Manusia banyak terjebak pada penderitaan, lalu berlarian pada kebahagiaan semu, dan Kembali menemui kepiluannya. Ada yang masih hidup dengan masa lalunya, ada juga yang hidup hanya untuk masa depannya. Padahal saya sudah katakana tadi, tak ada satupun yang bisa memastikan esok pagi kita masih bisa melihat semburat fajar dari ufuk timur.

Saat menyadari bahwa hidup adalah sebuah ketidakpastian dan keabsurdan yang total, maka manusia tak harus bersikap denial dan tak perlu berlari kemana-mana untuk menemukan makna serta kebahagiaan yang abadi. Manusia cukup menikmati, mengiakan sekaligus menolak apapun tentang hidup. Berkata iya bahwa hidup memang absurd dan melulu tak pasti; berkata tidak atau menolak pada ketenggelaman dan mengakhiri hidup. Biar kehidupan itu sendiri yang mematikan manusia, karena hidup selalu, meminjam dari Heidegger, berada menuju kematian.

Menikmati hari ini, menikmati absurditas ini, merupakan bentuk menghidupi kehidupan dengan rasa syukur yang mendalam.
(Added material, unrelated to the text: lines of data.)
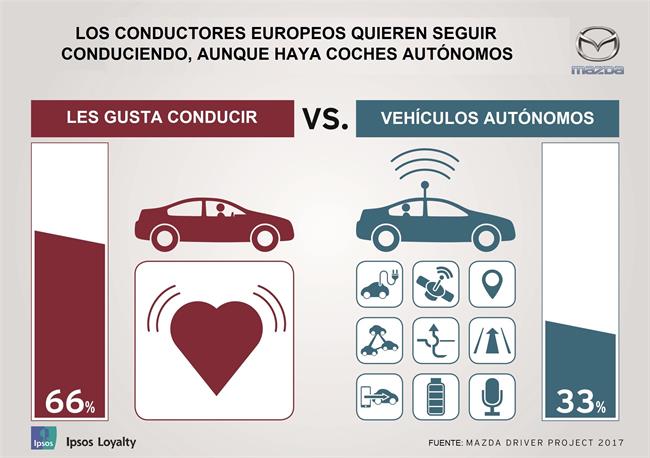 ep 66 deconductores europeos prefiere conducircoche autonomo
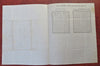 Life Insurance Ephemera 1846-56 Lot x 2 rare items Richmond VA & Connecticut
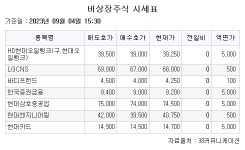 [장외시황] 에이피알, 4.96% 상승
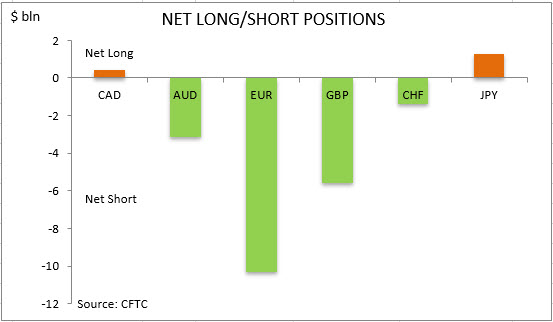 commitment of traders net long short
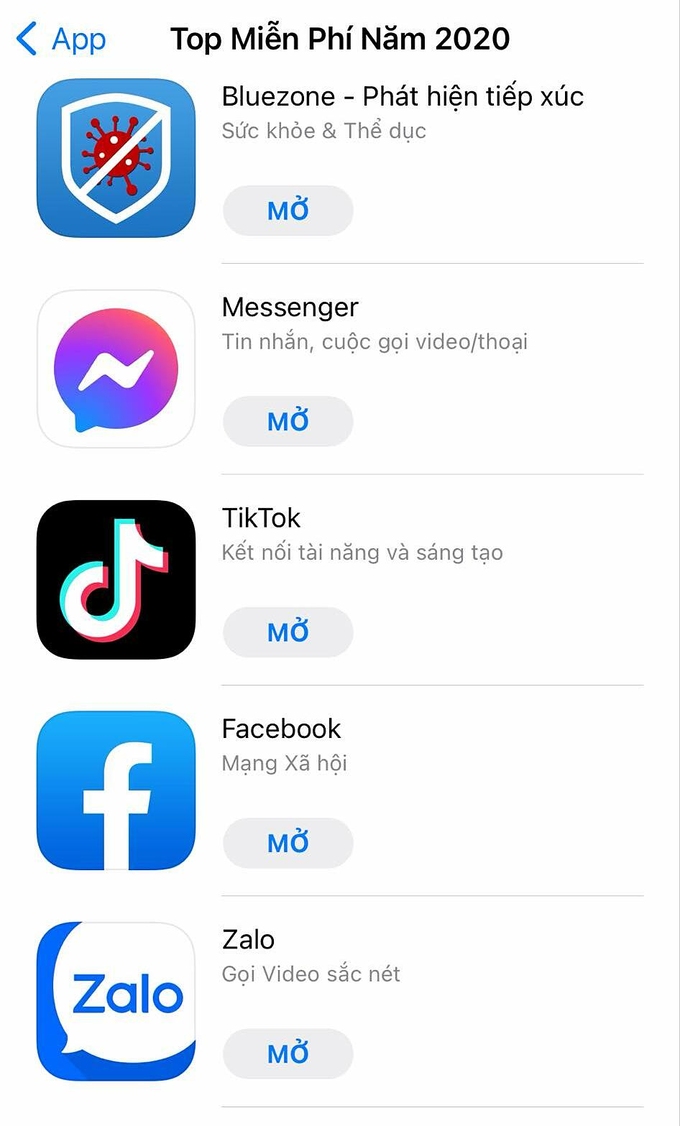 Bluezone xếp đầu bảng Ứng dụng miễn phí 2020 trên App Store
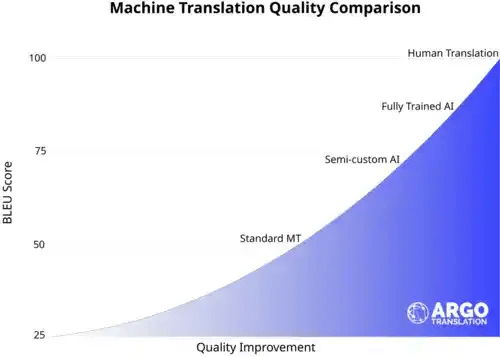 Everything You Need to Know About Machine Translation Post-Editing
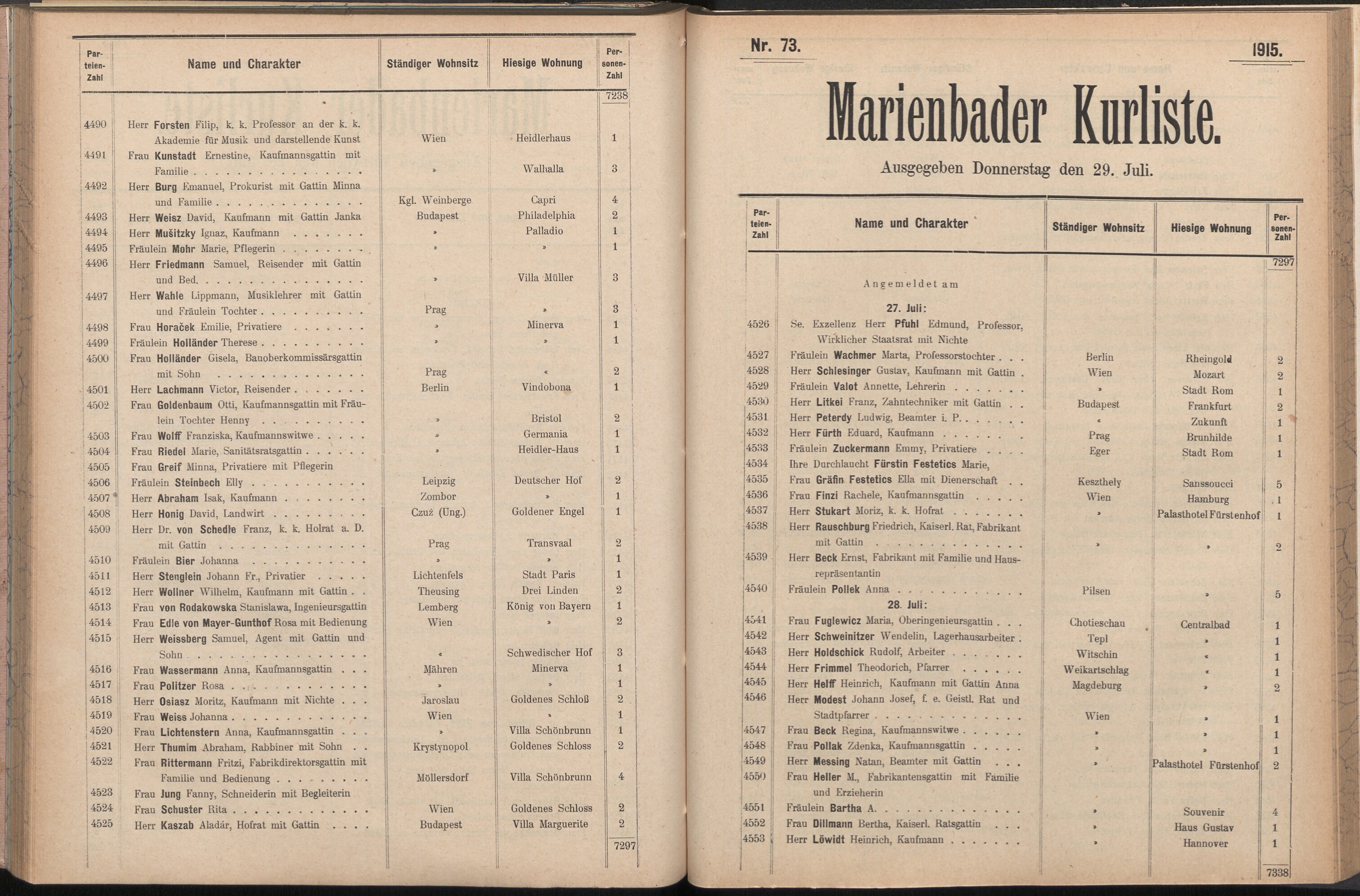 116. soap-ch_knihovna_marienbader-kurliste-1915_1160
Kita harus menikmati segala sudut dengan semua yang terjadi dan siap berdiri tegak menantang segala kemungkinan dan ketidakpastian yang akan terjadi. Selain itu, kita harus bersikap biasa-biasa saja dalam menghadapi apapun yang terjadi. Seperti Mersault-nya Albert Camus, seperti itulah hidup yang memberontak, tenang, tentram, dan bermakna dalam ketidakbermaknaannya.

Sesekali juga perlu mendengarkan gaung Nietszche: “fatum brutum amorfati” (cintailah takdir meski itu kejam). Hidup berjalan sewajarnya, melakukan apa yang mesti dilakukan, berbahagia secukupnya, bersedih secukupnya, dan selalu biasa saja dengan kebiasaan maupun menghadapi keluarbiasaan. Dengan begitu, kita akan mudah tersenyum melankolis dan tak lupa Albert Camus juga akan menemani kita dengan senyumannya.